WORKING DATA ▸
━━━

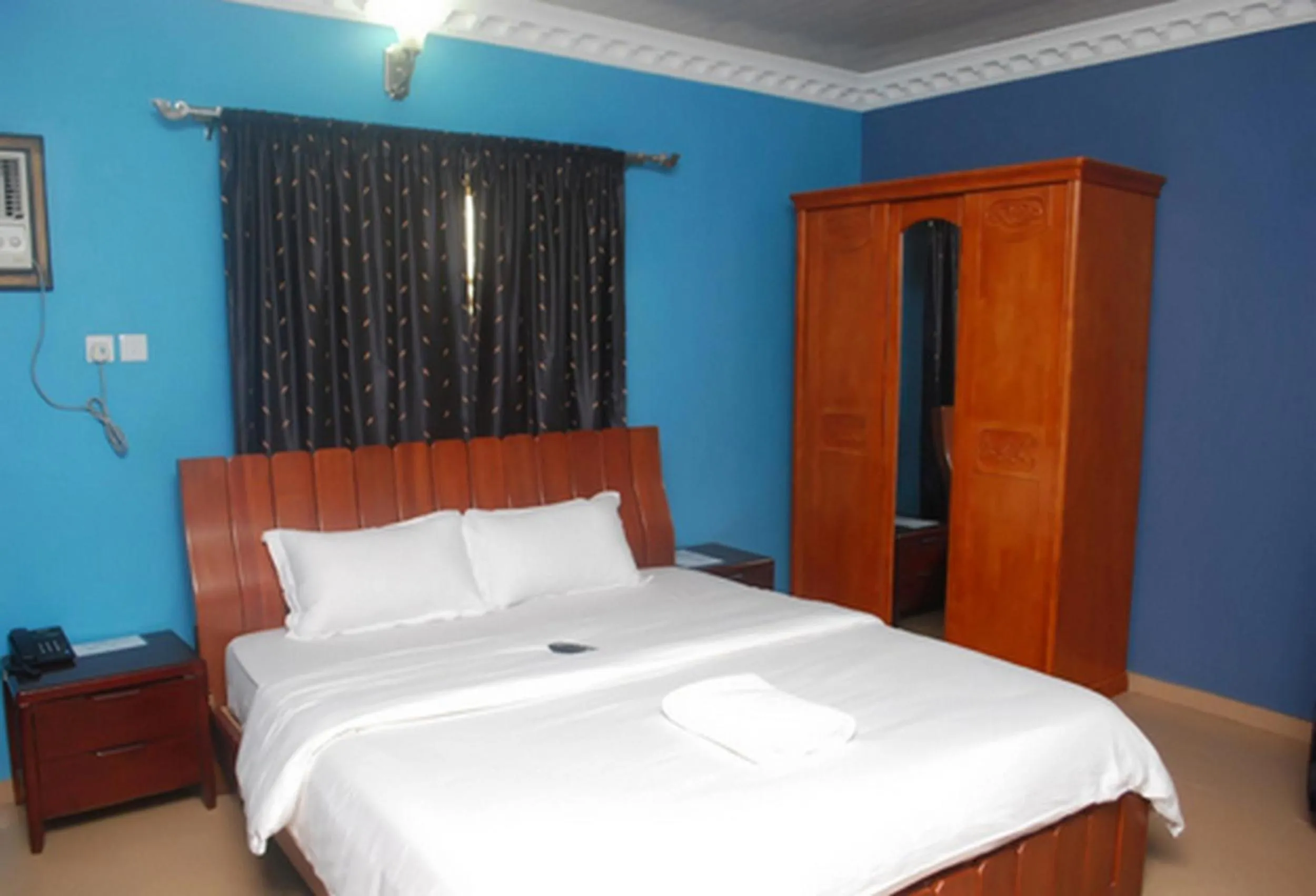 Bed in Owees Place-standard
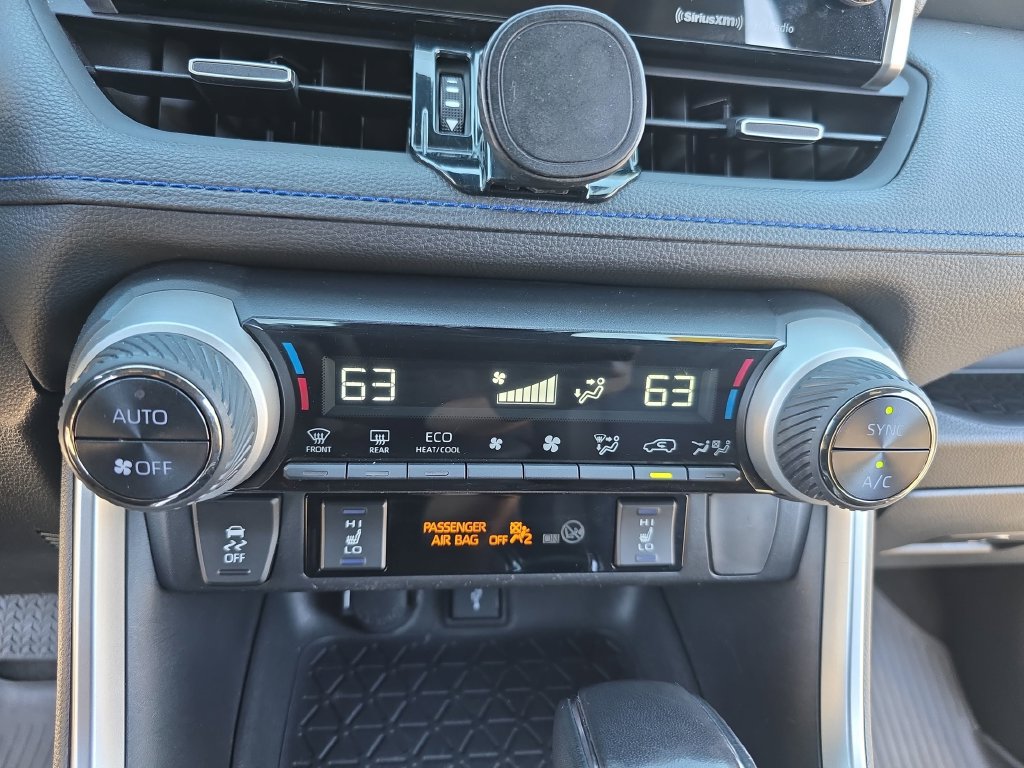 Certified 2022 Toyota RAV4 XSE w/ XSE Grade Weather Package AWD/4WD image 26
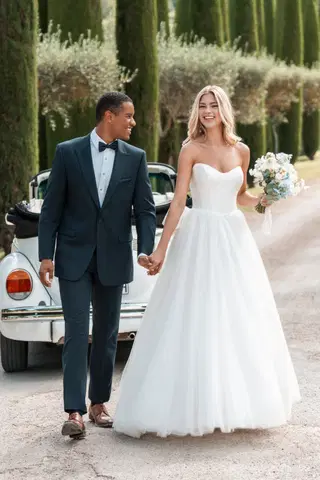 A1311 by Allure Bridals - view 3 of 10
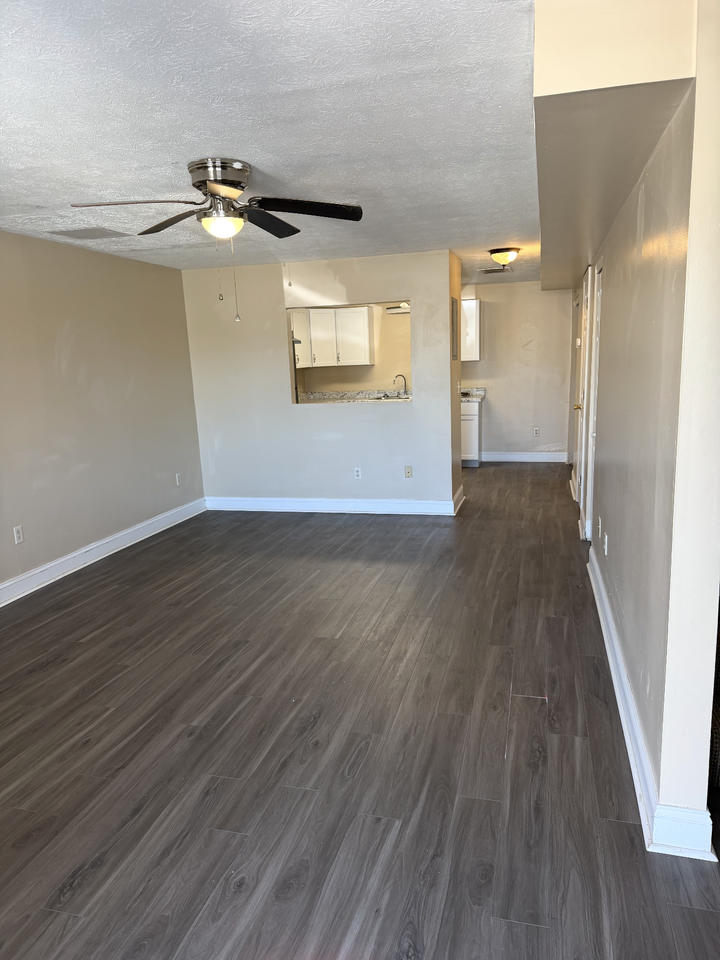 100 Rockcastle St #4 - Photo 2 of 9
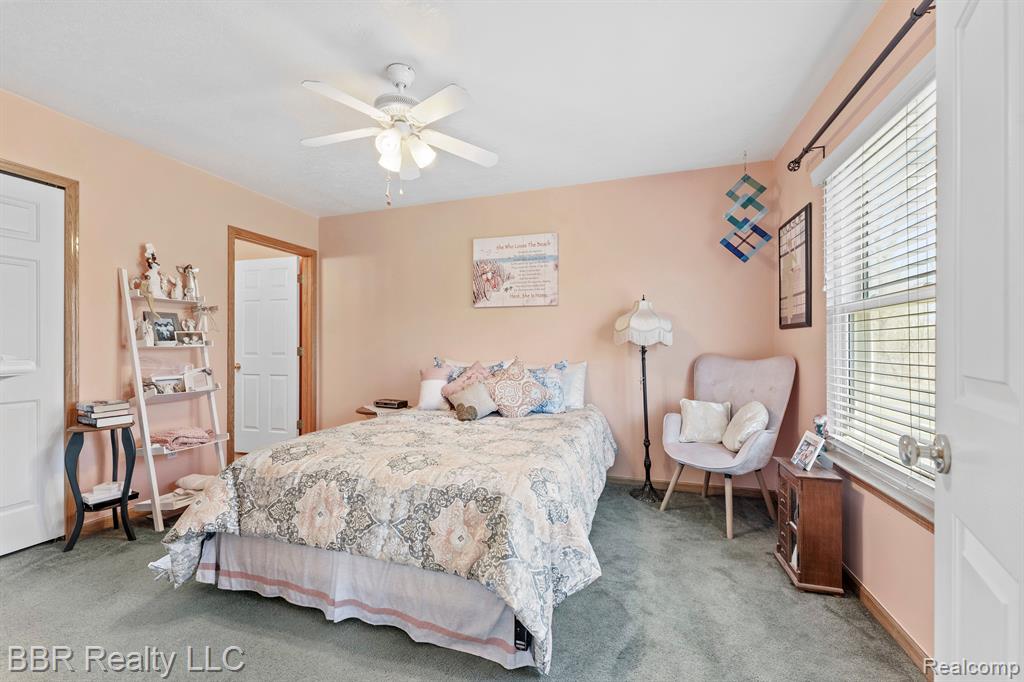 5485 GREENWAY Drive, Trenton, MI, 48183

━━━

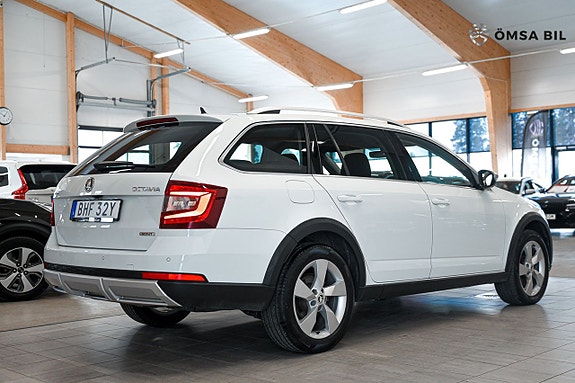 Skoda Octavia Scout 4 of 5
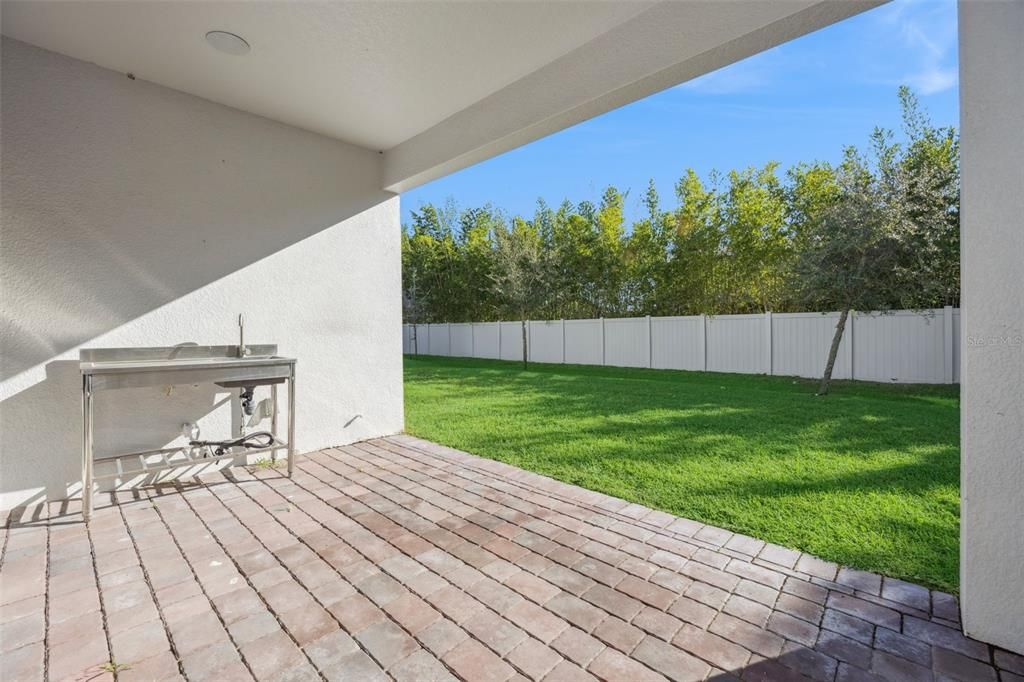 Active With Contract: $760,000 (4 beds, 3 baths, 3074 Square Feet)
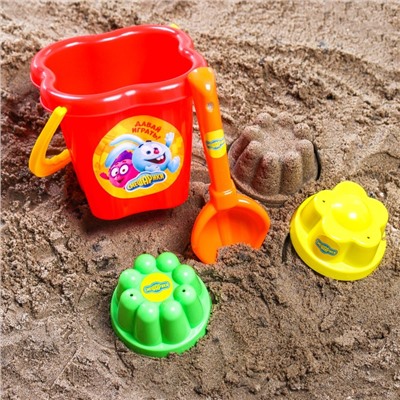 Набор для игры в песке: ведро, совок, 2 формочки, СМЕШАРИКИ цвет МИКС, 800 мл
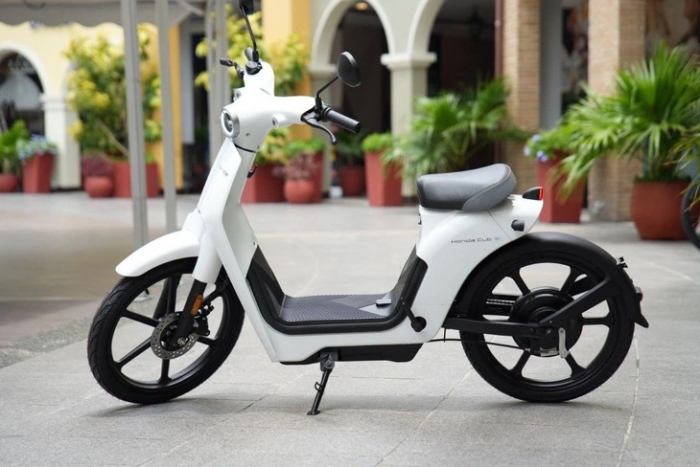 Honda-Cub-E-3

━━━

WHAT YOU ARE ASKED TO DO ▸ Look above and copy only the lines from the one holding "Skoda Octavia Scout 4 of 5" to the one holding "Honda-Cub-E-3", both included, exactly, minus the pictures.

RESPONSE TO THIS EXERCISE ▸
 Skoda Octavia Scout 4 of 5
 Active With Contract: $760,000 (4 beds, 3 baths, 3074 Square Feet)
 Набор для игры в песке: ведро, совок, 2 формочки, СМЕШАРИКИ цвет МИКС, 800 мл
 Honda-Cub-E-3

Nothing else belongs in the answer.